Search code examples
pythonboto3amazon-textract

Python-Textract-Boto3 - Trying to pass result of a method call as an argument to the same method, and loop


I have a mulit-page pdf on AWS S3, and am using textract to extract all text. I can get the response in batches, where the 1st response provides me with a 'NextToken' that I need to pass as an arg to the get_document_analysis method.

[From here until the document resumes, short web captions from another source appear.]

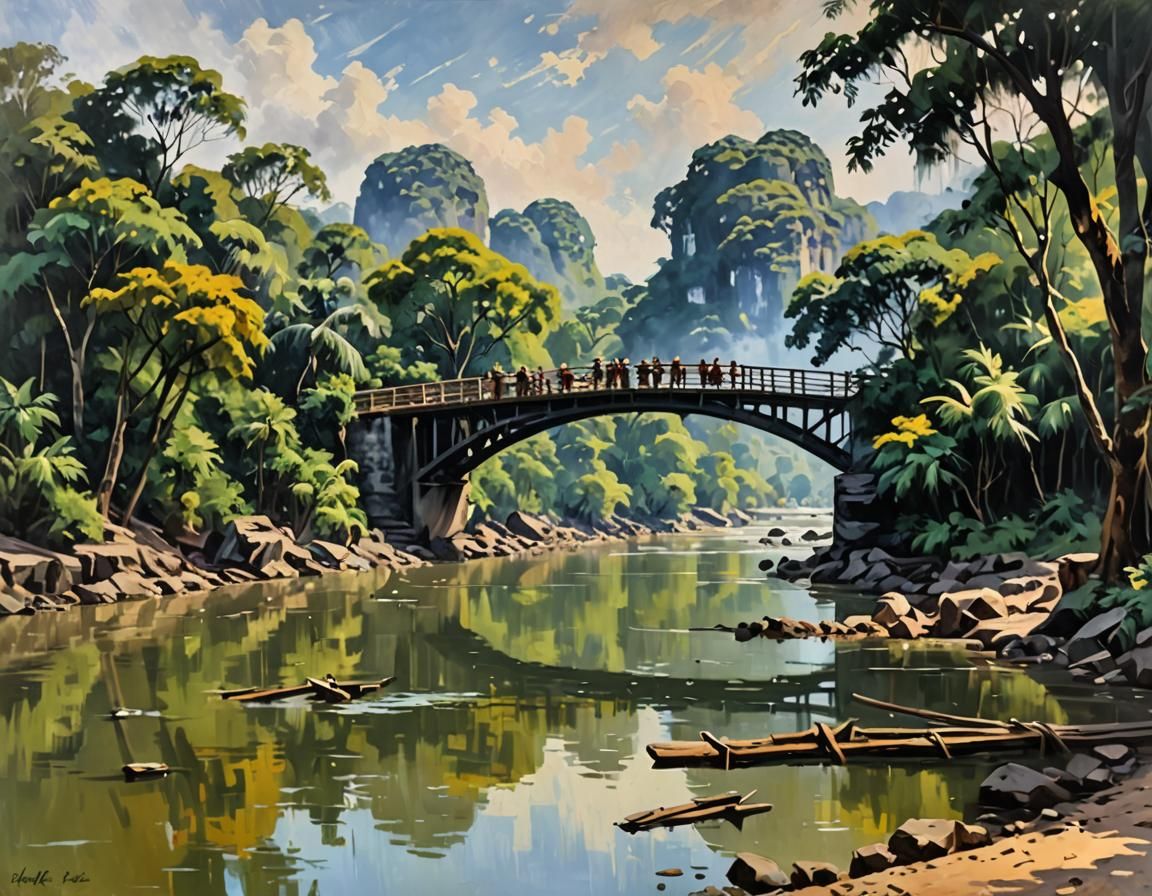 Bridge Over River Kwai: Impressionist Style Painting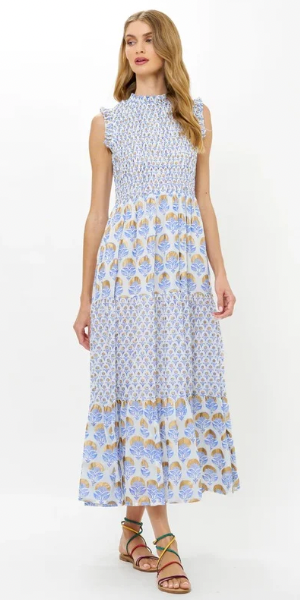 Sleeveless Smocked Maxi in Arbor Blue Blue Beetle Sleeveless Smocked Maxi in Arbor Blue Blue Beetle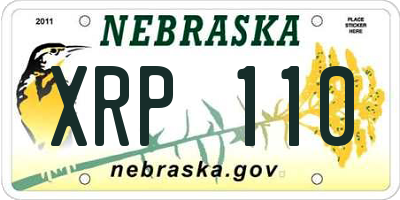 NE license plate XRP110
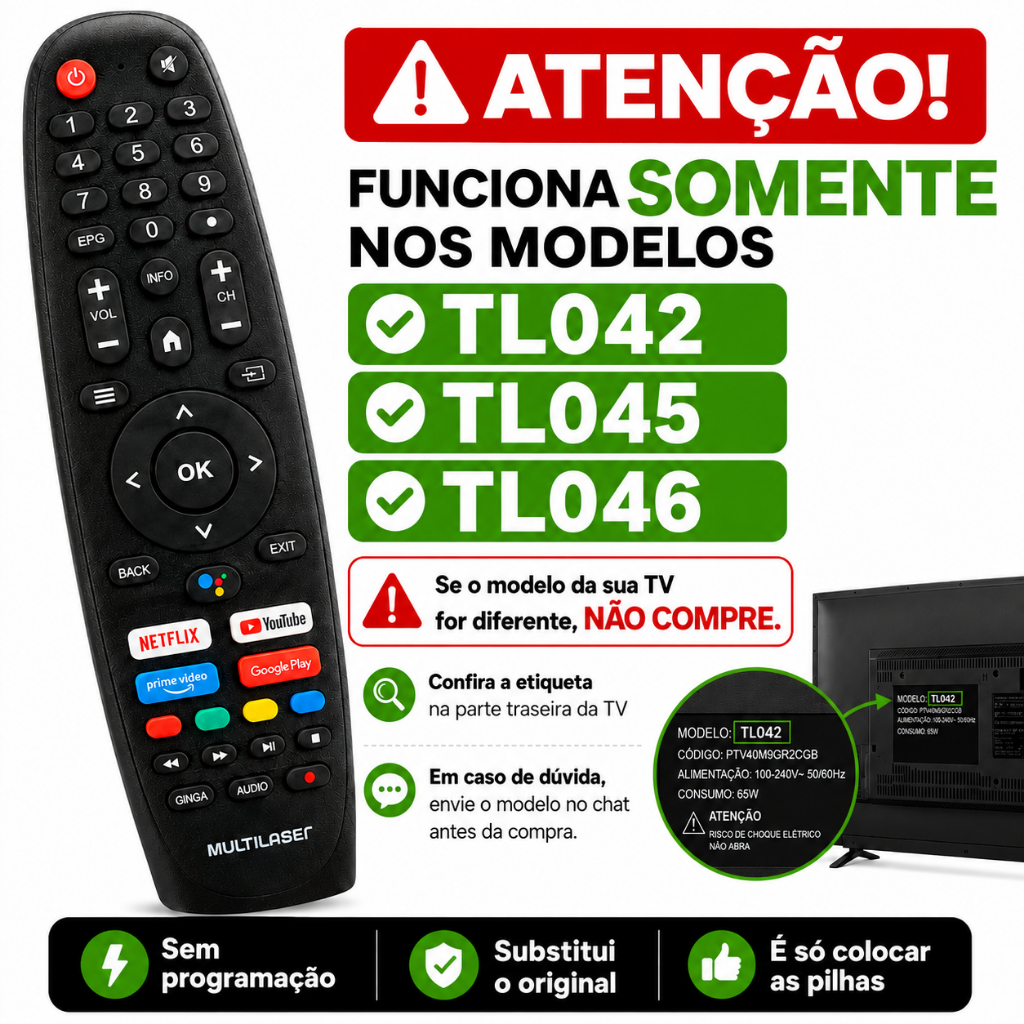 Controle Remoto Para Tv Multilaser Smart 4k Android Netflix / YouTube / PrimeVideo / TL042 / TL045 / TL046 - 9207 7611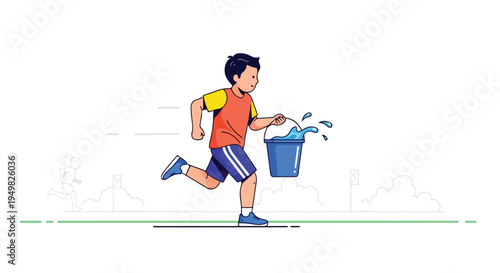 Young boy runs with a bucket of splashing water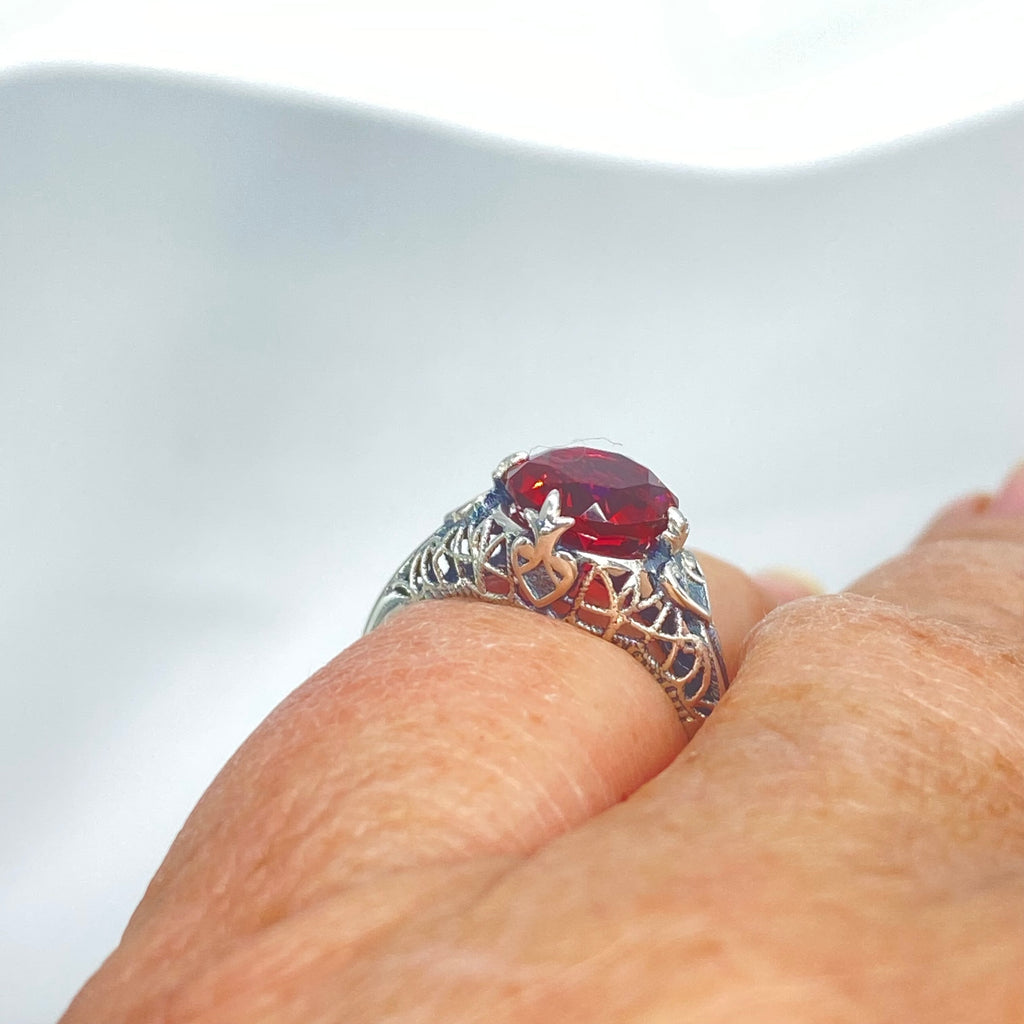 Ruby Ring, sterling silver filigree, Silver Embrace Jewelry, D162, Knight Ring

How do I avoid manually running the get_document_analysis method each time manually pasting the NextToken value received from the previous run?

Here's an attempt:

import boto3

client = boto3.client('textract')

# Get my JobId
test_output = client.start_document_text_detection(DocumentLocation = {'S3Object': {'Bucket':'myawsbucket', 'Name':'mymuli-page-pdf-file.pdf'}})['JobId']

def my_output():
    my_ls = []
    
    # I need to repeat the the following function until the break condition further below
    while True: 
        
        # This returns a dictionary, with one key named NextToken, which value will need to be passed as an arg to the next iteration of the function
        x=client.get_document_analysis(JobId = my_job_id_ref) 
        
        # Assinging value of NextToken to a variable
        next_token = x['NextToken'] 
        
        #Running the function again, this time with the next_token passed as an argument.
        x=client.get_document_analysis(JobId = my_job_id_ref, NextToken = next_token)
        
        # Need to repeat the running of the function until there is no token. The token is normally a string, hence
        if len(next_token) <1:
            break
        
        my_ls.append(x)
        
    return my_ls


Solution

  • The trick is to use the while-condition to check whether the nextToken is empty.

    # Get the analysis once to see if there is a need to loop in the first place
    x=client.get_document_analysis(JobId = my_job_id_ref) 
    next_token = x.get('NextToken')
    my_ls.append(x)
    
    # Now repeat until we have the last page
    while next_token is not None:
        x = client.get_document_analysis(JobId = my_job_id_ref) 
        next_token = x.get('NextToken')
        my_ls.append(x)
    
    

    The value of next_token will be continously overwritten, until it is None - at which point we break out of the loop.

    Note that I'm using the x.get(..) to check if the response-dictionary contains the NextToken. It may not be set in the first place, in which case .get(..) will always return None. (x["NextToken"] will throw a KeyError if the NextToken is not set.)